At the moment, collecting these kinds of statistics is possible, and productionising the capabilities with appropriate data protection and security is the challenge. As well as our core interest in the Machine Learning and Analytics aspects of the projects, security and authorisation are critical to these systems so that data is owned and available only where the driver has granted permission. Insurance companies would love to gather the data, as they already can with black boxes to reward careful young drivers. Perhaps there are new business models for monetising such data.

Self-driving Cars

Much of the publicity around the future of cars focuses on “autonomous” vehicles, which implies complete independence. In reality, the state of the art is “automated” driving where a person still has ultimate responsibility and control but can switch to auto-pilot. The concept is familiar to anyone who has ever driven a car with “cruise control”; on a quiet motorway setting cruise control at the national speed limit lets you take your foot off the accelerator and not worry about accidentally exceeding 70mph and catching a speeding fine!

In automated cars the sensors react quickly to their environment and apply steering or braking to navigate safely. Built-in cameras detect and interpret road signs and traffic controls. Experiments with automatic cars have been going on for 100 years according to Wikipedia. The Google Self-driving car program (through their subsidiary Waymo) is probably the most advanced. Waymo says they now have over 5 million miles of testing. Waymo also report very high safety levels. The freely downloadable PDF from the link is a fascinating study of “Safety by Design”, that includes a lot of attention to cyber-security.

An Automated Self-driving car from recent IoT Expo

An Automated Self-driving car from recent IoT Expo

The Society of Automotive Engineers (SAE) has defined six levels of automation ranging from zero (no automation) up to five (complete control with the system and no human intervention).
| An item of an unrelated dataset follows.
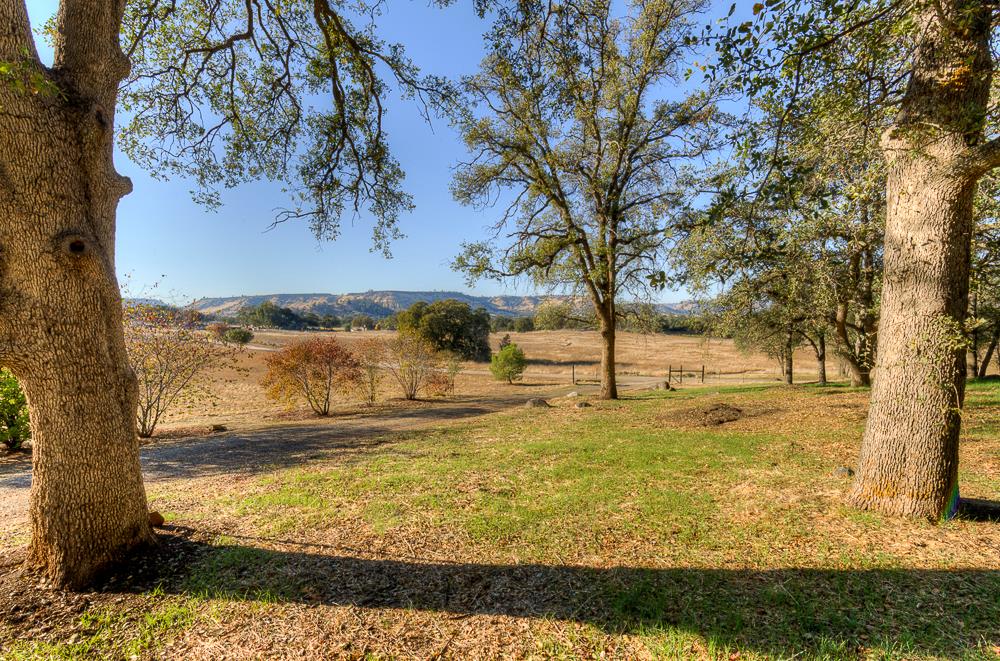 27266 Twin Ponds Road Clovis, CA 93619 - Photo 8 of 45 a view of a yard with an ocean view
Tesla’s Auto-pilot mode is considered level 2 where the system takes control of steering and speed and humans take control of other aspects. The current legal debates centre around level three where the car system can control but alerts the human driver expecting an action to be taken.

Flying Cars

Although a Sci-Fi favourite, individual vehicles flying about in mass numbers is impractical due to the cost and risks. “Roads? In the future we don’t need roads” paraphrasing “The Doc” in Back to the Future. Unlike Biff becoming POTUS and hoverboards they got that prediction wrong. We are still building roads, and they are still filling up. The reasons are similar to why we aren’t all flying jetpacks to work “…quarter-mile a gallon and with a motor as loud as a Harley Davidson”.

The same sensors and AI technologies used in cars today could surely be adapted to overcome the navigational risks and issues. Look at how birds and insects fly around in huge groups, coordinating their movements and not constantly bumping into each other in a murmuration.

No, the main reasons we’re not all flying around in DeLoreans are the cost and environmental impacts, which are being addressed through R&D in electric cars today and by military technologies like drone warfare. So I’m going to make a brave prediction and say that by 2084 (100 years after Back To The Future was made) flying vehicles will be real, I just hope we’re still around to see them.